Enquanto os cigarros convencionais têm destino certo - com tabaco transformado em adubo e componentes reciclados -, os cigarros eletrônicos enfrentam um destino menos nobre. Segundo informações exclusivas, não existe um protocolo padronizado para a destruição desses dispositivos, proibidos no Brasil desde 2009.
"Enquanto não vislumbramos uma solução SUSTENTÁVEL para os cigarros eletrônicos apreendidos, eles são enviados para INCINERAÇÃO", afirmou a assessoria da Receita Federal, em resposta oficial ao site O Joio e o Trigo, especializado em reportagens especiais sobre o setor de alimentos e meio ambiente. As informações desse texto são da reportagem especial sobre o tema (CLIQUE AQUI para conferir na íntegra).
A situação é ainda mais alarmante quando consideramos o volume: somente na Operação Fronteira RFB foram apreendidas 167 mil unidades de cigarros eletrônicos, avaliadas em R$ 4,9 milhões.

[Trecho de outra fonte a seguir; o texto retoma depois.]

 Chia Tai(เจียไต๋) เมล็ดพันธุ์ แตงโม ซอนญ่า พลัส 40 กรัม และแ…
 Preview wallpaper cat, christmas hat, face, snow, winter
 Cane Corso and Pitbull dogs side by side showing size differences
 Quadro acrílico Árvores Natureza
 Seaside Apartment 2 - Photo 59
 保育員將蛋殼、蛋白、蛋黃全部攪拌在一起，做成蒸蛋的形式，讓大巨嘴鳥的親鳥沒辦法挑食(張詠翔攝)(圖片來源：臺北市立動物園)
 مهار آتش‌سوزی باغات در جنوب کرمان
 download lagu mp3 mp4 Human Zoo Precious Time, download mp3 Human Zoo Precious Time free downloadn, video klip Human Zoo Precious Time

Impacto ambiental crescente
O cenário se agravou com uma nova apreensão em dezembro de 2024, quando meio milhão de vaporizadores foram interceptados no Porto de Santos. Desde outubro, quando novas regras de controle aduaneiro entraram em vigor, 1,4 milhão de dispositivos foram apreendidos, junto com cerca de 100 mil tubos de refil, totalizando R$ 150 milhões em mercadorias.
"É um tema muito novo, e estamos tentando implementar as provisões do tratado que dizem respeito a isso, mas os encaminhamentos ainda estão em debate", explica a médica sanitarista Vera Luiza da Costa e Silva, secretária-executiva da Conicq.
Descarte inadequado
Os números são ainda mais preocupantes quando consideramos as estatísticas globais: apenas 17% dos aparelhos descartados entram em cadeias de reciclagem. No Brasil, a situação é ainda pior, com taxas de reciclagem de lixo eletrônico não ultrapassando 3%, segundo o relatório das Nações Unidas.
Eduardo Rocha, diretor do Departamento de Gestão de Resíduos do Ministério do Meio Ambiente, aponta que o maior obstáculo é financeiro: "Quem arca com o custo do descarte adequado? Prendemos a pessoa, mas ela não tem condições de pagar nem para sair da prisão, quanto mais pelo destino do resíduo. Esse ônus recai sobre o poder público."
Responsabilidade compartilhada
A situação expõe uma lacuna na legislação ambiental brasileira. Embora a Política Nacional de Resíduos Sólidos estabeleça a responsabilidade compartilhada entre fabricantes, distribuidores e consumidores, a gestão de resíduos de produtos proibidos permanece em um limbo regulatório.
As empresas especializadas em reciclagem de eletrônicos, como a Green Eletron, sequer aceitam estes dispositivos, alegando que "os cigarros eletrônicos não são homologados no Brasil". O dilema se estende às iniciativas de conscientização: como educar sobre o descarte correto de um produto cuja comercialização é proibida?
Enquanto o debate sobre a regulamentação dos vapes continua, toneladas de dispositivos eletrônicos são incinerados sem aproveitamento de seus componentes, contribuindo para uma crescente crise ambiental que o Brasil ainda não encontrou meios de resolver.